Every year the group changes the theme of its show. Previous shows have included "Synergy," "Through the Veil of Night", "An American Portrait", "Flight", The Incredibles, The Phantom of the Opera, Grease, and Les Misérables.

During their "Flight" show in their 2006 season, at the Battle of the Bands competition at Moorpark High School, the band got first place for the first time in more than five years. In 2007 the Dos Pueblos Marching Chargers also won sweepstakes with their show "An American Portrait", beating 17 other bands at the Royal Competition in October.  This is the first time band has won this award in more than 15 years and was a great honor to them.  The Drumline also got the first place and high Percussion award at the Royal Competition. In 2008, the band received sweepstakes again and high music awards at the Royal Competition.

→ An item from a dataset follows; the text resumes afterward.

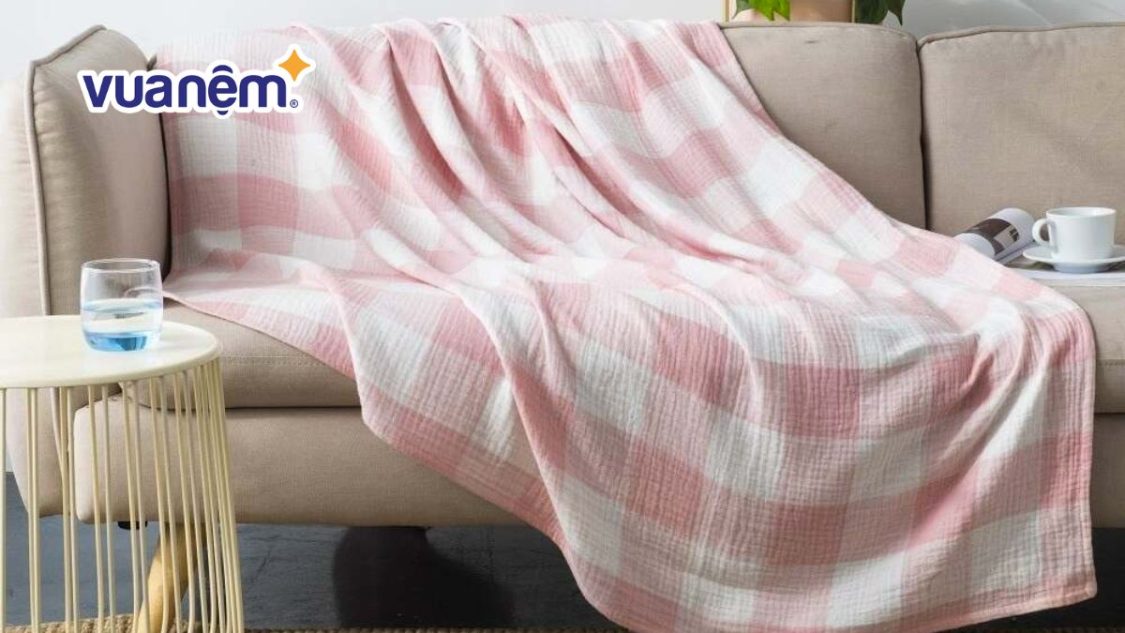 Top 6 mẫu chăn dạ mỏng được ưa chuộng năm 2025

For the 2010 season, the show was "Echoes of Childhoods Past", composed and arranged by Lozell Henderson and including "In My Life" by the Beatles, The Twilight Zone theme song, the Looney Tunes theme song, The Simpsons theme song and "We're Not Gonna Take It" by Twisted Sister.  In the 2011 marching band season, Lozell Henderson wrote "American Anthems". the show features a baton twirler, traditional songs of the United States, and a strong sense of American pride. The 2013 season's show was titled "Emerald", with drum major Andrew Barone, drum captain Tommy Soto, horn sergeant Aidan Hovey, and assistant drum major Brandon Phung.

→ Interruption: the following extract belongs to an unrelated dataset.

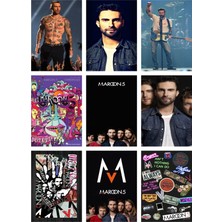 Anime And Your World  Maroon 5defter 1 Adet Özel Tasarım A5 Boyutu 15*21 cm  Telli Çizgisiz Orta Boy defter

The 2014 show was titled "Prism" and was entirely arranged by Lozell Henderson. The 2015 season featured a show entitled "Light as a Feather" featuring music from American jazz pianist Chick Corea, and the drum major was Brandon Dutcher. The 2016 show was entitled "Behind The Walls" with drum major Annebel van der Meulen and featured music "Writings on the Wall" by Sam Smith. The 2017 show was entitled "Music From the Movies: James Bond 007" and features drum major Sam Chase. It includes music from the movies of James Bond. This band was ranked 7th before going to the SCSBOA championships, and placed 5th at 2A championships. The 2018 production was entitled "World of Metal: 16 Psyche", and features drum major Taj Wahab. This show did not advance to championship competition, receiving 14th place in 2A. The 2019 production is entitled "Category VI: The Black Swan," and, as with the year before, did not place high enough to go to SCSBOA championships. However, the 2019 season marked the first time in recent years that the marching band had more than one drum major and more than one player with Drum Corps International experience.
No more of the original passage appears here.